• _About this exercise_: Give the records again in full, exactly as they are.

• _Data for analysis_:

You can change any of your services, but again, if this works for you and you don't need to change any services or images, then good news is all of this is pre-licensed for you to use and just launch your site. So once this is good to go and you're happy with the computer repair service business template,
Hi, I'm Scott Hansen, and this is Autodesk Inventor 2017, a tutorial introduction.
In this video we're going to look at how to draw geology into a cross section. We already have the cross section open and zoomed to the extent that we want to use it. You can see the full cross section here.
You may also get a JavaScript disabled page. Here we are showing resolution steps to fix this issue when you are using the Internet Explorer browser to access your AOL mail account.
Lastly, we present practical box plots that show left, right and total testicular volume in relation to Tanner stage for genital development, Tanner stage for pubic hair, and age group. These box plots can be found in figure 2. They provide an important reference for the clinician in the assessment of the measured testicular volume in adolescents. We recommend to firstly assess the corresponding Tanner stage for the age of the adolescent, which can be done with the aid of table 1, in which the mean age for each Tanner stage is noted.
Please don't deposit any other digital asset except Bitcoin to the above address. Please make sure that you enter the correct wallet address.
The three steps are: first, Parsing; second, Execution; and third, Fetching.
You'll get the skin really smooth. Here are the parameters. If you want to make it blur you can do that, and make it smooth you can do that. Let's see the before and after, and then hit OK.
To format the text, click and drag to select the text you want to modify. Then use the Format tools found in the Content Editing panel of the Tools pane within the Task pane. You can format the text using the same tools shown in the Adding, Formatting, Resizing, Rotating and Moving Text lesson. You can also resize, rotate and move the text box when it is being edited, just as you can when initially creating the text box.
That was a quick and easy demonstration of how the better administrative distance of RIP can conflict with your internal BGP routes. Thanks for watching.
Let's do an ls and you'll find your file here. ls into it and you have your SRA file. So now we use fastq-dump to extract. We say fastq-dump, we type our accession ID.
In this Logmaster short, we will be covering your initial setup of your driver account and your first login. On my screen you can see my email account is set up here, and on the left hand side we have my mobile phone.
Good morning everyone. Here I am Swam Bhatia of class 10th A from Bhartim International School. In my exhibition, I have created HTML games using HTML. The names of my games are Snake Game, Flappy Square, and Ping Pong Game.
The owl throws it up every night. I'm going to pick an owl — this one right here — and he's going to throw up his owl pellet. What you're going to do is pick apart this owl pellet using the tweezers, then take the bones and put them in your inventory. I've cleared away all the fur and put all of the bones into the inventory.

• _Written reply_:
You can change any of your services, but again, if this works for you and you don't need to change any services or images, then good news is all of this is pre-licensed for you to use and just launch your site. So once this is good to go and you're happy with the computer repair service business template,
Hi, I'm Scott Hansen, and this is Autodesk Inventor 2017, a tutorial introduction.
In this video we're going to look at how to draw geology into a cross section. We already have the cross section open and zoomed to the extent that we want to use it. You can see the full cross section here.
You may also get a JavaScript disabled page. Here we are showing resolution steps to fix this issue when you are using the Internet Explorer browser to access your AOL mail account.
Lastly, we present practical box plots that show left, right and total testicular volume in relation to Tanner stage for genital development, Tanner stage for pubic hair, and age group. These box plots can be found in figure 2. They provide an important reference for the clinician in the assessment of the measured testicular volume in adolescents. We recommend to firstly assess the corresponding Tanner stage for the age of the adolescent, which can be done with the aid of table 1, in which the mean age for each Tanner stage is noted.
Please don't deposit any other digital asset except Bitcoin to the above address. Please make sure that you enter the correct wallet address.
The three steps are: first, Parsing; second, Execution; and third, Fetching.
You'll get the skin really smooth. Here are the parameters. If you want to make it blur you can do that, and make it smooth you can do that. Let's see the before and after, and then hit OK.
To format the text, click and drag to select the text you want to modify. Then use the Format tools found in the Content Editing panel of the Tools pane within the Task pane. You can format the text using the same tools shown in the Adding, Formatting, Resizing, Rotating and Moving Text lesson. You can also resize, rotate and move the text box when it is being edited, just as you can when initially creating the text box.
That was a quick and easy demonstration of how the better administrative distance of RIP can conflict with your internal BGP routes. Thanks for watching.
Let's do an ls and you'll find your file here. ls into it and you have your SRA file. So now we use fastq-dump to extract. We say fastq-dump, we type our accession ID.
In this Logmaster short, we will be covering your initial setup of your driver account and your first login. On my screen you can see my email account is set up here, and on the left hand side we have my mobile phone.
Good morning everyone. Here I am Swam Bhatia of class 10th A from Bhartim International School. In my exhibition, I have created HTML games using HTML. The names of my games are Snake Game, Flappy Square, and Ping Pong Game.
The owl throws it up every night. I'm going to pick an owl — this one right here — and he's going to throw up his owl pellet. What you're going to do is pick apart this owl pellet using the tweezers, then take the bones and put them in your inventory. I've cleared away all the fur and put all of the bones into the inventory.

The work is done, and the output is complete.